La nostalgie camarade. Devra-t-on un jour ainsi rebaptiser cette page tant la nostalgie, plus que jamais, est au cœur de la rentrée littéraire et finalement de la plupart des livres chroniqués ici ? La nouvelle garde rock (sic) n’inspire, semble-t-il, pas autant ses contemporains que leurs glorieux aînés tandis que l’histoire du rock est elle devenue un sujet majeur, au même titre que celle du cinéma ou de la littérature mais avec, notons-le, la légère différence que son passé y apparaît bien plus que son actualité, ce que, par ailleurs certains pourraient voir comme la preuve que le binz n’est plus un truc d’avenir. On vous laisse juges.

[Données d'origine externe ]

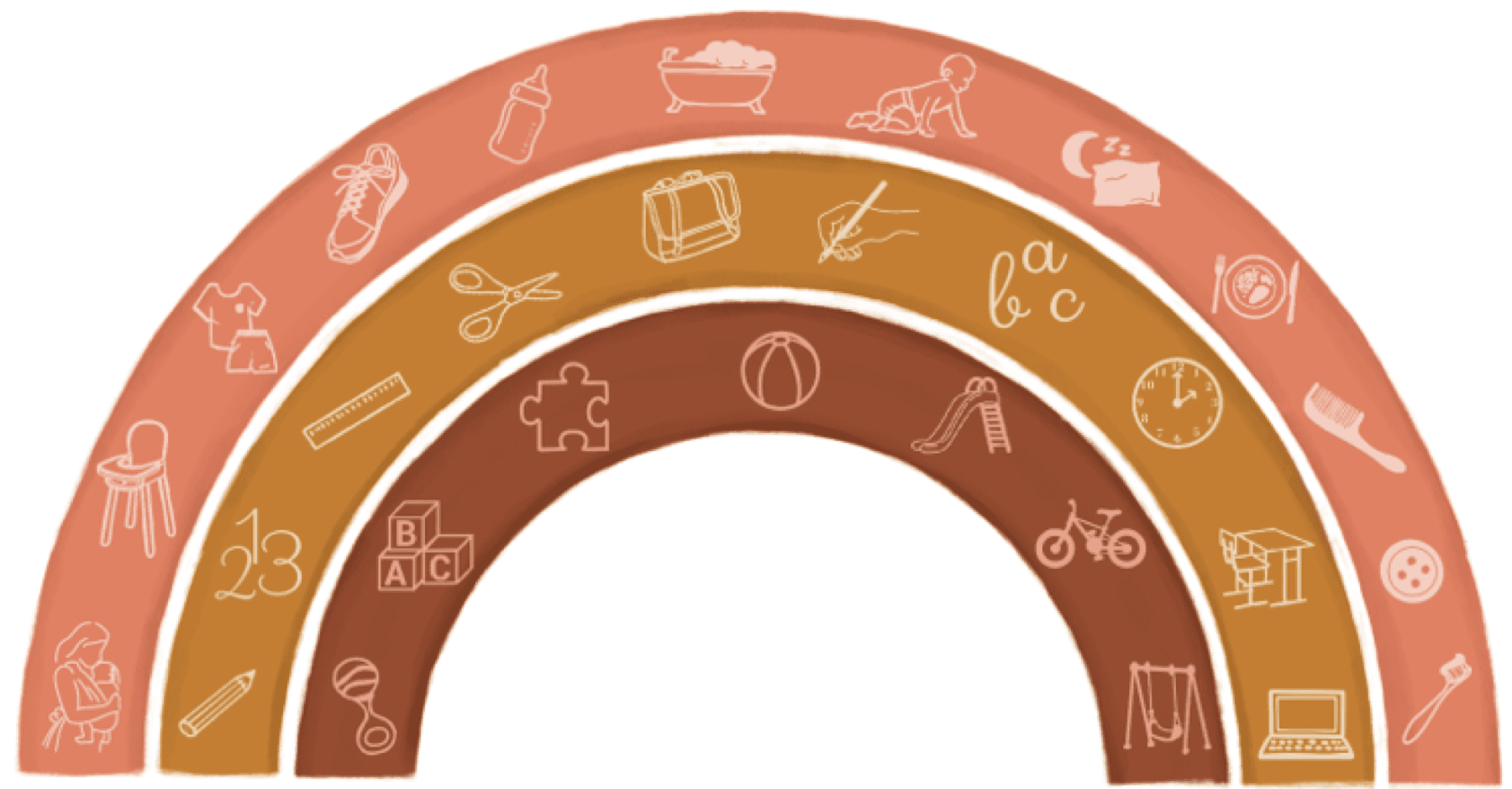 Arc en ciel + pictos.png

Rétromaniques, nous le sommes tous devenus depuis Youtube et aucun domaine artistique n’est aujourd’hui épargné par cette vague inexorable ainsi que le journaliste et critique rock Simon Reynolds nous l’avait démontré brillamment dans son vaste essai Rétromania, essai qui sert aujourd’hui de point de départ au livre de l’également journaliste et critique rock, François Gorin, Nos futurs, Un conte post-rétro.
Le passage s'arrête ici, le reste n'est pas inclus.